Estimation of the Prevalence of Nonalcoholic Fatty Liver Disease in an Adult Population in Northern China Using the Data Mining Approach
Nonalcoholic fatty liver disease (NAFLD) is the commonest form of chronic liver disease worldwide and its prevalence is rapidly increasing. Screening and early diagnosis of high-risk groups are important for the prevention and treatment of NAFLD; however, traditional imaging examinations are expensive and difficult to perform on a large scale. This study aimed to develop a simple and reliable predictive model based on the risk factors for NAFLD using a decision tree algorithm for the diagnosis of NAFLD and reduction of healthcare costs. This retrospective cross-sectional study included 22,819 participants who underwent annual health examinations between January 2019 and December 2019 at Physical Examination Center in Shengjing Hospital of China Medical University. After rigorous data screening, data of 9190 participants were retained in the final dataset for use in the J48 decision tree algorithm for the construction of predictive models.
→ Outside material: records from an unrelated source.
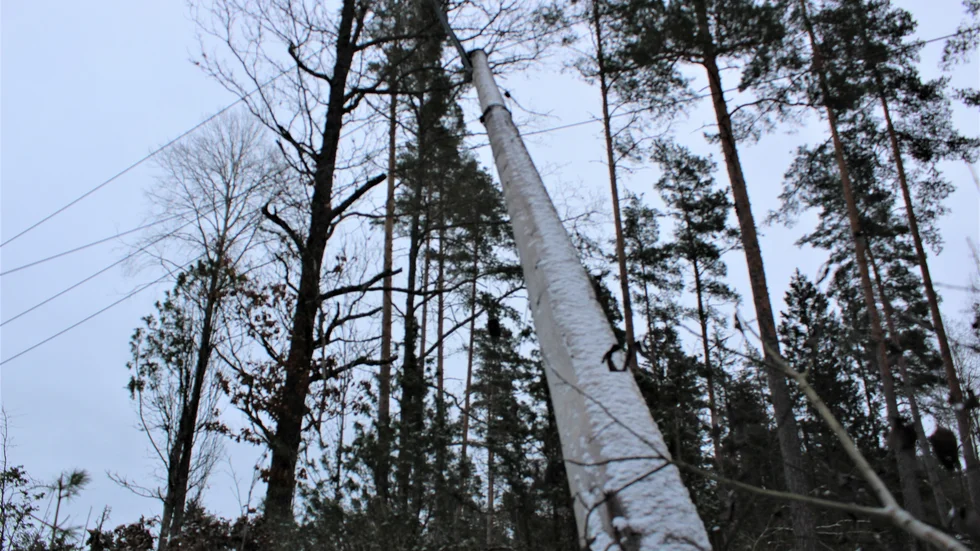 Flera elledningar och träd föll när stormen Malik drog fram över Östergötland. Här har en fallen stolpe i Bankekind utanför Linköping.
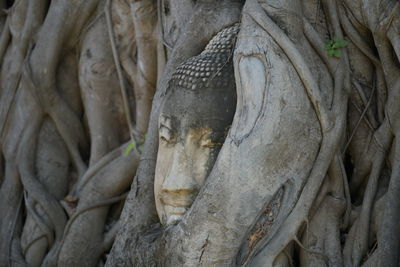 Close-up of buddha statue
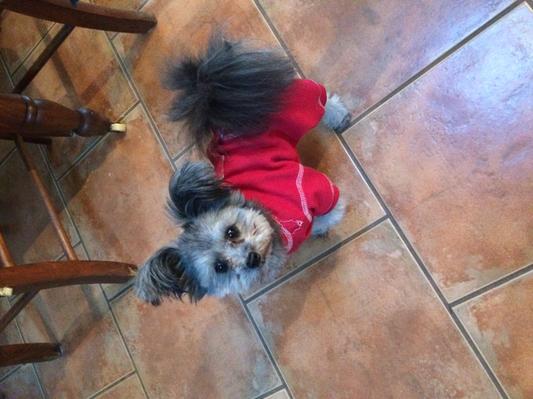 Gizzy lounging on a Saturday morning.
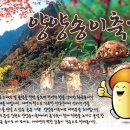 양양송이 - 양양군 남문3길 14 | 양양송이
Approximately 66% of these patients (n=6065) were randomly assigned to the training dataset for the construction of the decision tree, while 34% of the patients (n=3125) were assigned to the test dataset to evaluate the performance of the decision tree. The results showed that the J48 decision tree classifier exhibited good performance (accuracy=0.830, precision=0.837, recall=0.830, F-measure=0.830, and area under the curve=0.905). The decision tree structure revealed waist circumference as the most significant attribute, followed by triglyceride levels, systolic blood pressure, sex, age, and total cholesterol level. Our study suggests that a decision tree analysis can be used to screen high-risk individuals for NAFLD. The key attributes in the tree structure can further contribute to the prevention of NAFLD by suggesting implementable targeted community interventions, which can help improve the outcome of NAFLD and reduce the burden on the healthcare system.